Combination of vegetable soup and glucan demonstrates synergistic effects on macrophage-mediated immune responses.

Vegetable soup (VS), a plant-based functional food, has been used as a traditional folk medicine and is attracting attention for its ability to enhance the immune response. β-Glucan, a well-established and effective immunomodulator, has synergistic effects when used in combination with some bioactive compounds. In the present study, we aimed to evaluate the synergistic immunomodulatory effects of the combination of VS and β-glucan on macrophage-mediated immune responses. β-Glucan was demonstrated to synergistically enhance the VS-stimulated immune response, including the production of interleukin-6, tumor necrosis factor-α, and nitric oxide, mainly through the mitogen-activated protein kinase pathway in macrophages. In addition, this combination has the potential for further development in functional foods with immune-enhancing activity. SUPPLEMENTARY INFORMATION: The online version contains supplementary material available at 10.1007/s10068-021-00888-x.

Introduction

The immune system is a host defense system that protects against diseases by regulating numerous biological structures and processes within an organism.

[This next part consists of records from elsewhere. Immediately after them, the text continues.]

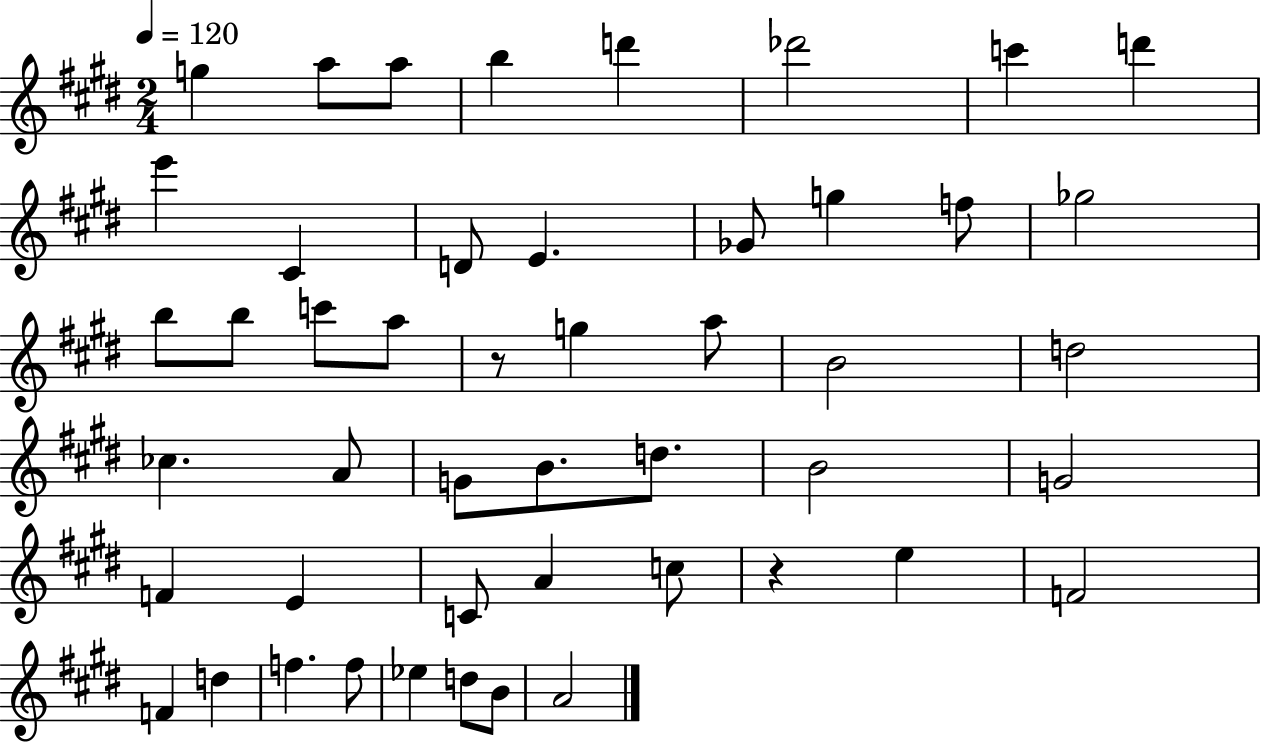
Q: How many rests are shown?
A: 2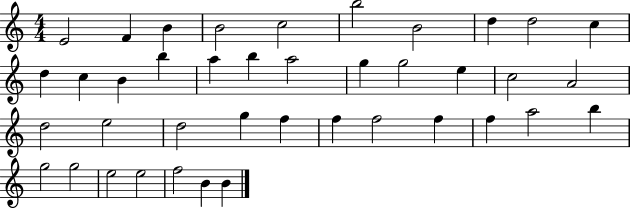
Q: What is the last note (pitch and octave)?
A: B4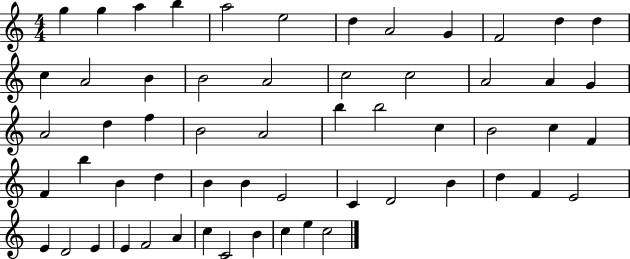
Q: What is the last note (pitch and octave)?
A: C5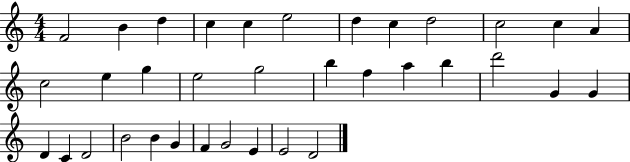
F4/h B4/q D5/q C5/q C5/q E5/h D5/q C5/q D5/h C5/h C5/q A4/q C5/h E5/q G5/q E5/h G5/h B5/q F5/q A5/q B5/q D6/h G4/q G4/q D4/q C4/q D4/h B4/h B4/q G4/q F4/q G4/h E4/q E4/h D4/h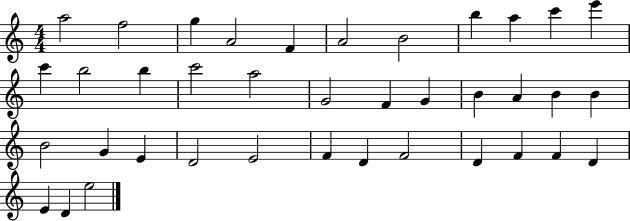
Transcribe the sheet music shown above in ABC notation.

X:1
T:Untitled
M:4/4
L:1/4
K:C
a2 f2 g A2 F A2 B2 b a c' e' c' b2 b c'2 a2 G2 F G B A B B B2 G E D2 E2 F D F2 D F F D E D e2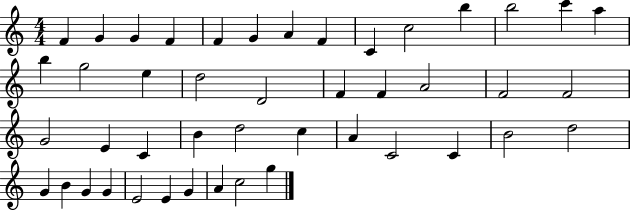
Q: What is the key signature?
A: C major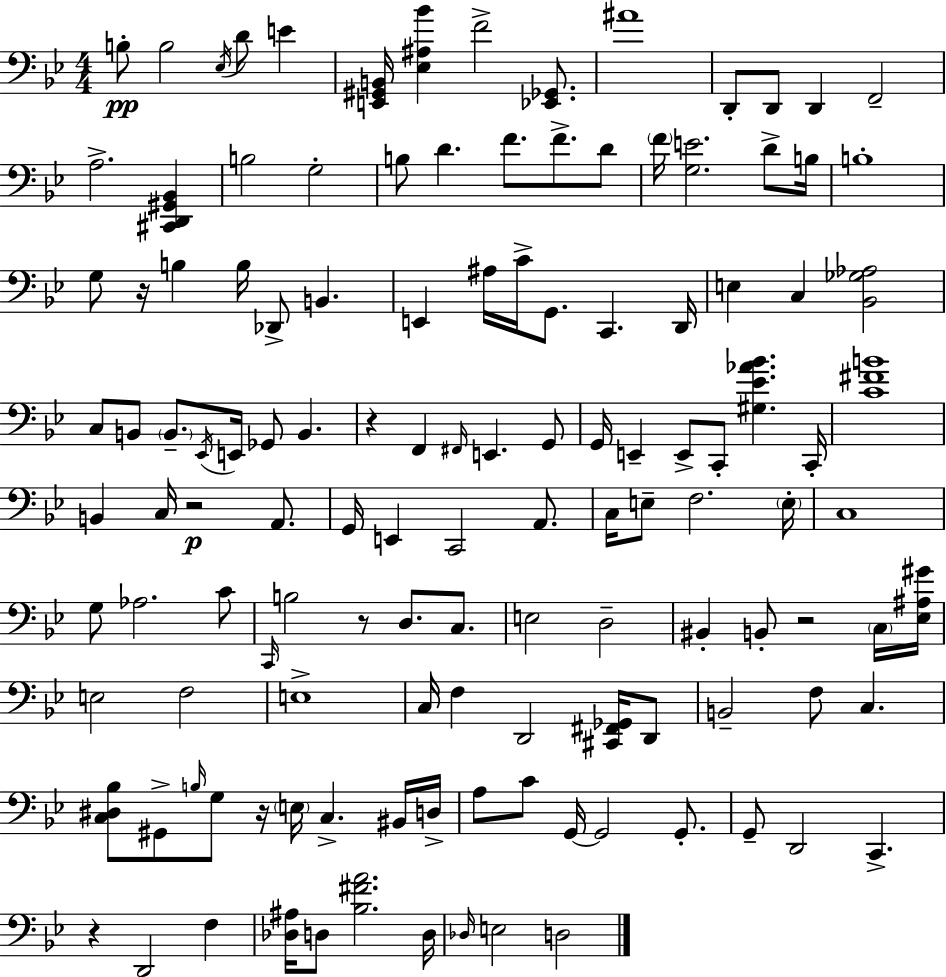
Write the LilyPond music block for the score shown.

{
  \clef bass
  \numericTimeSignature
  \time 4/4
  \key g \minor
  b8-.\pp b2 \acciaccatura { ees16 } d'8 e'4 | <e, gis, b,>16 <ees ais bes'>4 f'2-> <ees, ges,>8. | ais'1 | d,8-. d,8 d,4 f,2-- | \break a2.-> <cis, d, gis, bes,>4 | b2 g2-. | b8 d'4. f'8. f'8.-> d'8 | \parenthesize f'16 <g e'>2. d'8-> | \break b16 b1-. | g8 r16 b4 b16 des,8-> b,4. | e,4 ais16 c'16-> g,8. c,4. | d,16 e4 c4 <bes, ges aes>2 | \break c8 b,8 \parenthesize b,8.-- \acciaccatura { ees,16 } e,16 ges,8 b,4. | r4 f,4 \grace { fis,16 } e,4. | g,8 g,16 e,4-- e,8-> c,8-. <gis ees' aes' bes'>4. | c,16-. <c' fis' b'>1 | \break b,4 c16 r2\p | a,8. g,16 e,4 c,2 | a,8. c16 e8-- f2. | \parenthesize e16-. c1 | \break g8 aes2. | c'8 \grace { c,16 } b2 r8 d8. | c8. e2 d2-- | bis,4-. b,8-. r2 | \break \parenthesize c16 <ees ais gis'>16 e2 f2 | e1-> | c16 f4 d,2 | <cis, fis, ges,>16 d,8 b,2-- f8 c4. | \break <c dis bes>8 gis,8-> \grace { b16 } g8 r16 \parenthesize e16 c4.-> | bis,16 d16-> a8 c'8 g,16~~ g,2 | g,8.-. g,8-- d,2 c,4.-> | r4 d,2 | \break f4 <des ais>16 d8 <bes fis' a'>2. | d16 \grace { des16 } e2 d2 | \bar "|."
}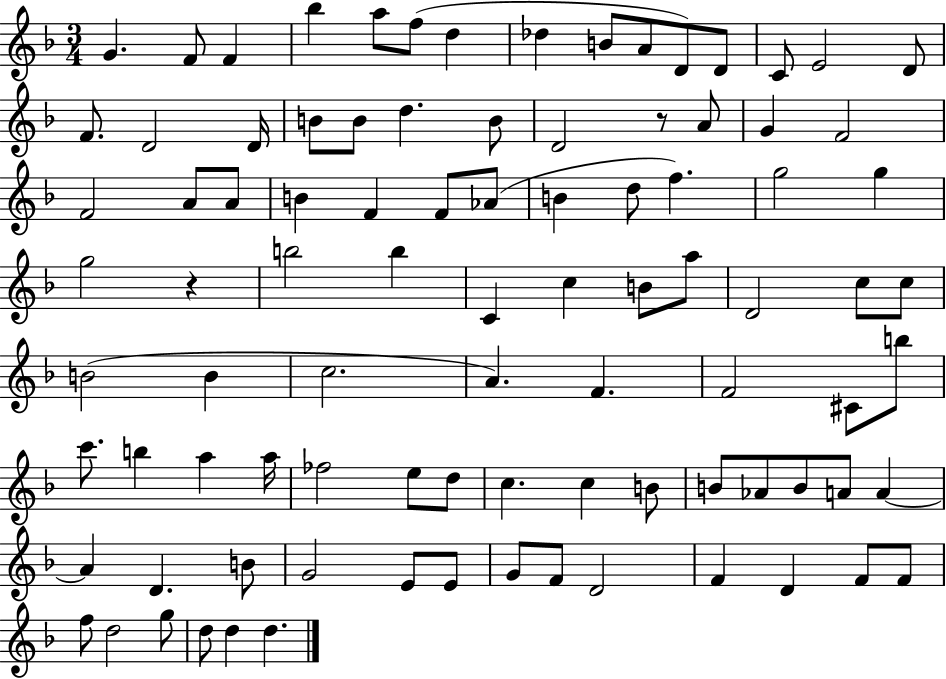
{
  \clef treble
  \numericTimeSignature
  \time 3/4
  \key f \major
  g'4. f'8 f'4 | bes''4 a''8 f''8( d''4 | des''4 b'8 a'8 d'8) d'8 | c'8 e'2 d'8 | \break f'8. d'2 d'16 | b'8 b'8 d''4. b'8 | d'2 r8 a'8 | g'4 f'2 | \break f'2 a'8 a'8 | b'4 f'4 f'8 aes'8( | b'4 d''8 f''4.) | g''2 g''4 | \break g''2 r4 | b''2 b''4 | c'4 c''4 b'8 a''8 | d'2 c''8 c''8 | \break b'2( b'4 | c''2. | a'4.) f'4. | f'2 cis'8 b''8 | \break c'''8. b''4 a''4 a''16 | fes''2 e''8 d''8 | c''4. c''4 b'8 | b'8 aes'8 b'8 a'8 a'4~~ | \break a'4 d'4. b'8 | g'2 e'8 e'8 | g'8 f'8 d'2 | f'4 d'4 f'8 f'8 | \break f''8 d''2 g''8 | d''8 d''4 d''4. | \bar "|."
}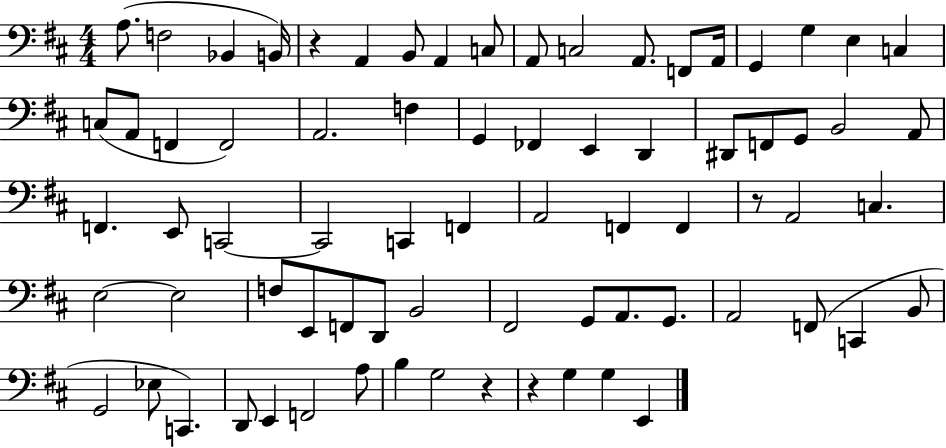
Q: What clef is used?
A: bass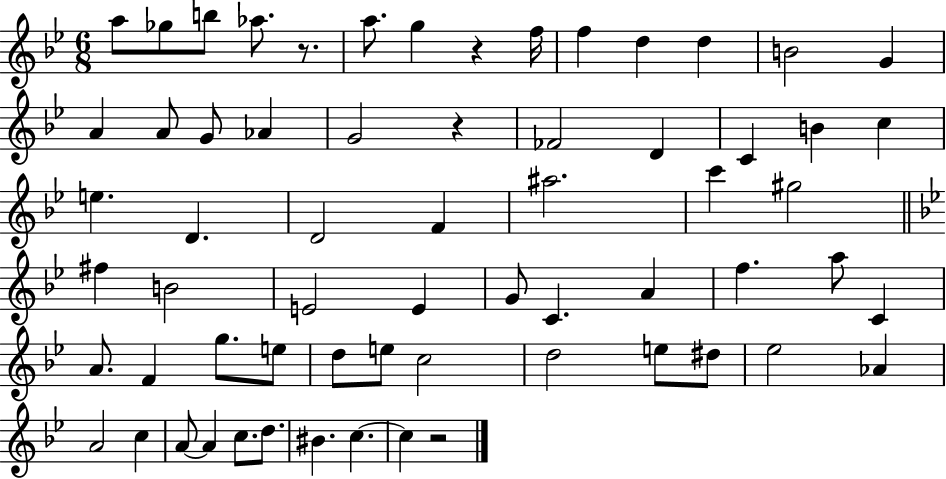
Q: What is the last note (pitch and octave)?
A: C5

Immune system disorders can lead to autoimmune diseases, inflammatory diseases, and cancer (O'Byrne and Dalgleish, 2001). One way to overcome defects in the immune system is by using nutraceutical ingredients to strengthen defensive reactions (Wichers, 2009). β-Glucan, a well-established and powerful immunomodulator, is naturally found in plants, yeast, fungi, and some bacterial species (Zeković et al., 2005). Recent studies have suggested that β-glucan has synergistic effects when combined with some bioactive molecules, such as vitamin C, humic acid, resveratrol, or coenzyme Q10 (Verlhac et al., 1996; Vetvicka et al., 2013; Vetvicka and Vetvickova, 2012; 2018).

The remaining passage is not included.